Split + resampling, or just resampling?

I’m learning the tidymodels suite of R packages, and I have a question about splitting and resampling. From the {rsample} docs:

A typical scheme for splitting the data when developing a predictive model is to create an initial split of the data into a training and test set. If resampling is used, it is executed on the training set. A series of binary splits is created. In rsample , we use the term analysis set for the data that are used to fit the model and the assessment set is used to compute performance:


In this approach, nesting resampling makes a lot of sense to me as a way to avoid optimization bias. You take the average of the assessment sets to tune the final model.

But with this approach, the final model is evaluated against the original testing split, which is just one split of all possible testing/training splits. Is the approach shown in the diagram preferable to not splitting and just using resampling to validate the test set? I think @f2harrell is arguing here for not splitting, but I’m not sure.

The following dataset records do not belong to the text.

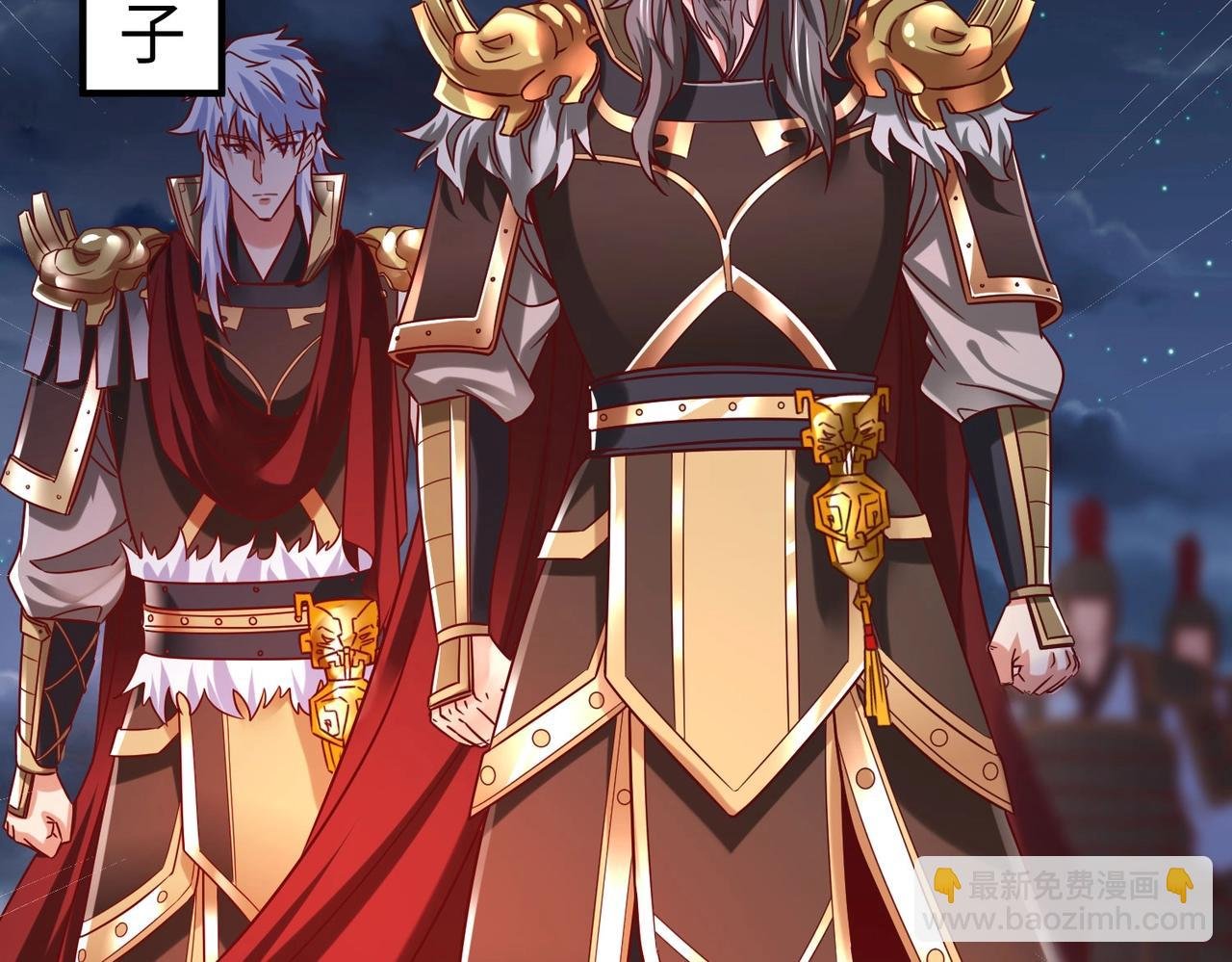 第14话 放过你？那我怎么一统天下？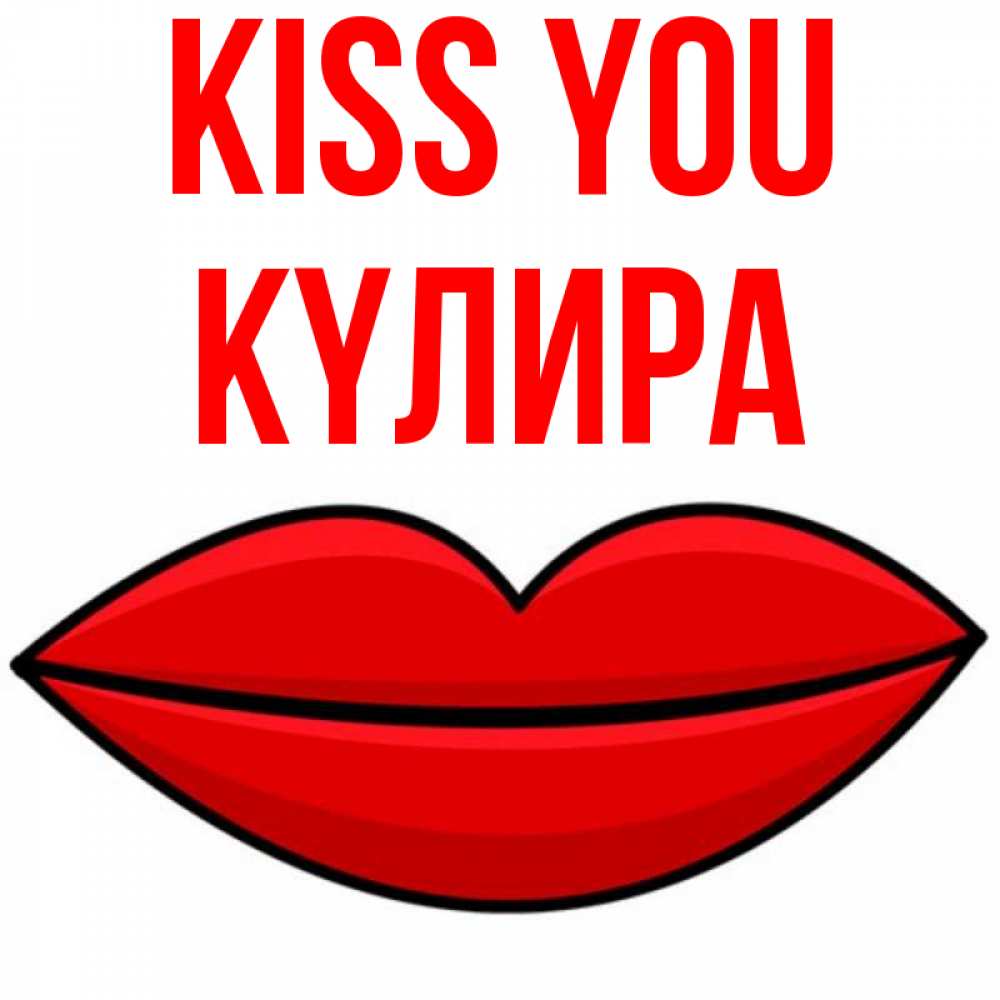 Greetings card с именем, КҮЛИРА Kiss you губы векторные Greetings with text for free download 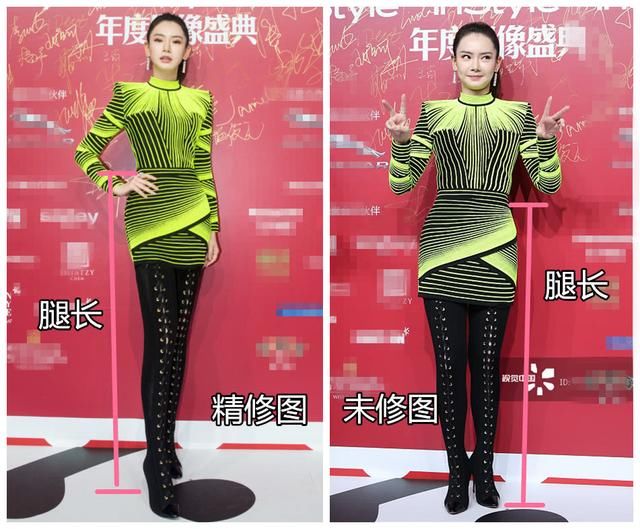 好衣架全靠P,戚薇穿“灯管装”精修图完爆超模,未修一言难尽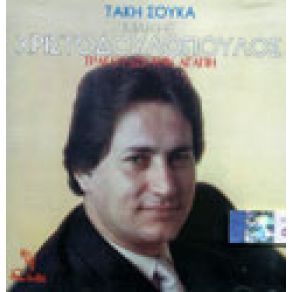 Download track ΤΩΡΑ ΠΟΥ ΦΕΥΓΕΙΣ ΧΡΙΣΤΟΔΟΥΛΟΠΟΥΛΟΣ ΜΑΚΗΣ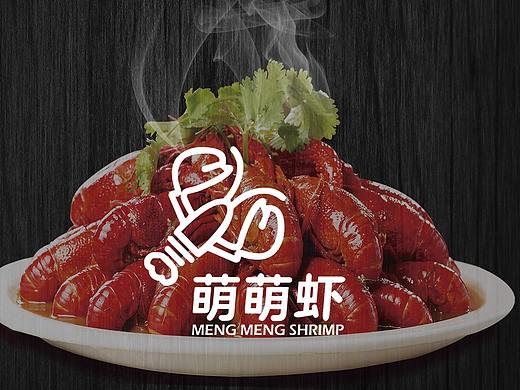萌萌虾logo提案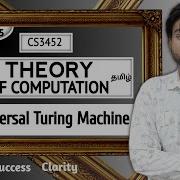 Universal Turing Machine In Tamil Theory Of Computation In Tamil CS3452 In Tamil Unit 5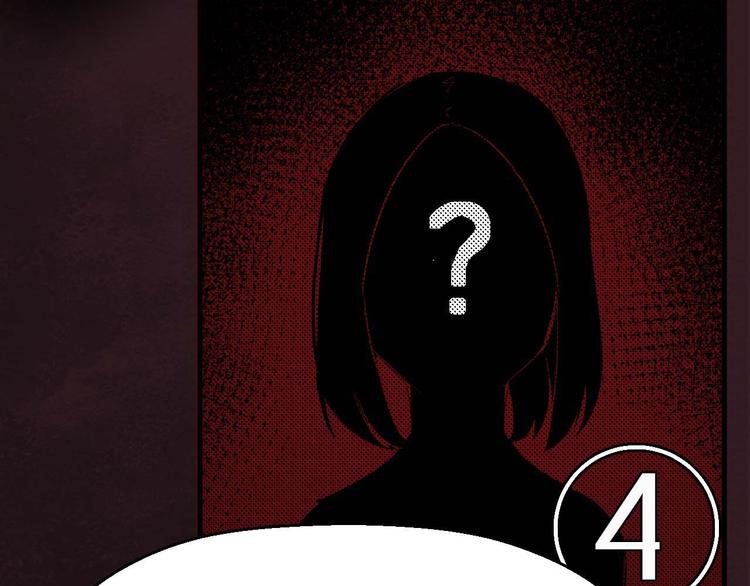 第26话 人数(1/2)-第27话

Maybe this method works, but it seems quite laborious to do such a double split with resamples and perform development and validation in all splits when just bootstrapping/resampling can do the trick. Also, as you are now doing double splitting the issues in the linked article are probably exacerbated. For example, you are now left with even smaller samples to develop your model in (as data are split twice leaving a quarter of the original sample size instead of half).

I cannot help with the R package since I have been stubbornly putting off learning tidymodels.

The following papers, especially Harrell, Lee, and Mark 1996, should shed some light on the values of bootstrapping over cross-validation.

Efron has shown that cross-validation is relatively inefficient due to high variation of accuracy
estimates when the entire validation process is repeated (and data splitting is much worse).[1]

Bootstrapping has been recommended over cross-validation because it provides nearly unbiased estimates of predictive accuracy that are (relatively) low in variance and with fewer models fits required than cross-validation.

In Harrell, Lee, and Mark’s 1996 Biostatistics Tutorial in Statistics in Medicine [2] they state: “Bootstrapping has an additional advantage that the entire dataset is used for model development. As others have shown, data are too precious to waste. [3-4]”

1. Efron, B. ‘Estimating the error rate of a prediction rule: improvement on cross-validation’, Journal of the American Statistical Association, 78, 316-331 (1983).

2. Harrell FE Jr, Lee KL, Mark DB. Multivariable prognostic models: issues in developing models, evaluating assumptions and adequacy, and measuring and reducing errors. Stat Med. 1996 Feb 28;15(4):361-87.

3. Roecker, E. B. ‘Prediction error and its estimation for subset-selected models’, Technometrics,33, 459-468 (1991).

4. Breiman, L. ‘The little bootstrap and other methods for dimensionality selection in regression: X-fixed prediction error’, Journal of the American Statistical Association, 87, 738-754 (1992).